The Centers for Disease Control and Prevention (CDC) recommend that certain priority groups, such as healthcare providers, receive the influenza vaccine each year, and it is becoming more common that healthcare institutions mandate that nurses employed in direct patient care settings receive annual influenza immunizations. I strongly support the position that all nurses involved in direct patient care should be required to receive the annual immunization.
Each year in the United States an average of 5% to 20% of the population contract influenza, resulting in more than 200,000 hospitalizations and 36,000 deaths. Children younger than 5 years and individuals over 65 years of age are most likely to require hospitalization as a result of contracting the illness (Thompson et al., 2004). Despite nurses' understanding the importance of preventing the transmission of communicable diseases through immunization, compliance with recommendations such as the influenza vaccine for healthcare workers is still very low. Only about 36% of healthcare workers received the vaccine for the 2004-2005 influenza season (CDC, 2005). Despite a shortage of vaccine last year, the percentage of vaccinated workers was no different from previous years when supplies of the vaccine were readily available. Within the last 10 years, the morbidity and mortality rates associated with influenza infections have greatly increased, and these are likely to continue to escalate unless vaccination rates among healthcare workers increase (Thompson et al., 2004). One way to increase vaccination rates is to mandate that nurses receive the vaccine.
Nurses can easily transmit influenza to patients. The incubation period for influenza is about 2 days, and the ability to transmit the infection to another individual occurs 1 day prior to the onset of symptoms, and for up to 5 days after symptoms begin (Olsen, Steinberg, & Ley, 2005). Therefore, nurses caring for infected patients can not only acquire the virus and become ill, but they can also pass the virus to others before they are even aware they are infected. In my practice, it also is not uncommon to see nurses continue to come into work ill (and presumably contagious) to care for high-risk patients. This places our patients at great risk for developing the illness. Therefore, preventing influenza and its transmission should be a priority for all nurses, and annual vaccination is the primary means of preventing the spread of influenza.
Another important consideration in this debate is that of absenteeism. If nurses are not immunized, the likelihood of them contracting influenza during times of outbreaks and then being absent from work is high. Tied to this are increased health-care costs, which are yet another consequence of both the transmission of influenza from nurses to their patients as well as the influenza-associated absenteeism.
Morbidity and mortality rates associated with influenza have greatly increased, and are likely to continue unless vaccination rates among healthcare workers increase.

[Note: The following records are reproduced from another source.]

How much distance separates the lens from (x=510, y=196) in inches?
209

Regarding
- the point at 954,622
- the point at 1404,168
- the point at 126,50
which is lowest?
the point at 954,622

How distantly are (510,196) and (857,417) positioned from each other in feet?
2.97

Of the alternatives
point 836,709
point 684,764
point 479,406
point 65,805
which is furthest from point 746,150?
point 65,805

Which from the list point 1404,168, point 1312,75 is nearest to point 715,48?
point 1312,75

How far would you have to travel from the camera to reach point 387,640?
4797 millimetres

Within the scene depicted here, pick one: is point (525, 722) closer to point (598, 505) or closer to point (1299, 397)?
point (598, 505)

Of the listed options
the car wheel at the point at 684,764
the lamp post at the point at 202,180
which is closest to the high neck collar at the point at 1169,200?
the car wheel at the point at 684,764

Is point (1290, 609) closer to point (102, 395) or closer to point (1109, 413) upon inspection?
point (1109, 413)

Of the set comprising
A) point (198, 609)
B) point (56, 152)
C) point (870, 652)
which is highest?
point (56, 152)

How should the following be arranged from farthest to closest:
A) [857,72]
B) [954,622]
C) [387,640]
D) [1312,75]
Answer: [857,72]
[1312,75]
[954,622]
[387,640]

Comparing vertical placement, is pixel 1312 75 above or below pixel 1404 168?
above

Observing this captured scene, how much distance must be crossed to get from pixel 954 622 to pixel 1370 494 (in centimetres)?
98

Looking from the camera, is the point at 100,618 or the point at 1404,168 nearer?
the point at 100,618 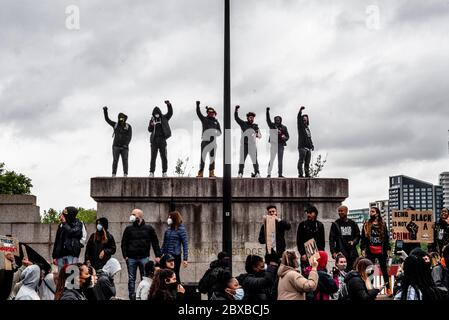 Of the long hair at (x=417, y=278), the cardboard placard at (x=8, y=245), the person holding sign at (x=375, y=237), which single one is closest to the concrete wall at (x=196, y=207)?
the person holding sign at (x=375, y=237)

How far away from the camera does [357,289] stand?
8617 millimetres

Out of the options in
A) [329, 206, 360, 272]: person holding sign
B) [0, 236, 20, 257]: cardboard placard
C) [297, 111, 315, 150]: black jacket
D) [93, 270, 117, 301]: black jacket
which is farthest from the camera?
[297, 111, 315, 150]: black jacket

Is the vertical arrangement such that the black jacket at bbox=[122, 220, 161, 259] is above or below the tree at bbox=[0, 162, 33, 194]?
below

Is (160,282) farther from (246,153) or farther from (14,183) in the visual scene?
(14,183)

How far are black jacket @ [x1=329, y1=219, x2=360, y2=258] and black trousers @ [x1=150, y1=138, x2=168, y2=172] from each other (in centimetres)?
549

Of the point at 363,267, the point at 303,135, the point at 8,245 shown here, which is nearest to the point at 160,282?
the point at 363,267

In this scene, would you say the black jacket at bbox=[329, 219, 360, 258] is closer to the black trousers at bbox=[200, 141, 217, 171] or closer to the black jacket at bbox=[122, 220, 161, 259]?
the black jacket at bbox=[122, 220, 161, 259]

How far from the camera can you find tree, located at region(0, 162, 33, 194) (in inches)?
3083

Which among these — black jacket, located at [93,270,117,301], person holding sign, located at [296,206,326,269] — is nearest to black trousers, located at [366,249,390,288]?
person holding sign, located at [296,206,326,269]

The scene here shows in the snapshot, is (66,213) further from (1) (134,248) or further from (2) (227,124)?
(2) (227,124)

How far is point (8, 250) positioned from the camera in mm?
10656

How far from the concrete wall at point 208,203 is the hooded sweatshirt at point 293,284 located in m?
9.85

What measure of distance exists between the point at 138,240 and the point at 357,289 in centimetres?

Healthcare institutions are right to mandate annual influenza vaccination for all nurses who provide direct patient care, since infection control is a priority. Mandates already exist for other immunizations (e.g., the hepatitis B vaccine) and for disease screening (annual tuberculosis screening) among nurses. The influenza vaccine is highly effective and has few side effects, and the benefits of receiving the vaccine greatly outweigh the risks involved in vaccination. As is the case with the hepatitis B vaccine, nurses exempt from receiving the vaccine would include those in whom the vaccine is contraindicated (e.g., due to allergy) and those who decline vaccination after being fully informed about the procedures.
It is the primary obligation of nurses to do no harm to patients. Influenza is a highly contagious disease, and nurses should do everything in their power to help control the spread of the disease. Mandatory vaccination could do just that.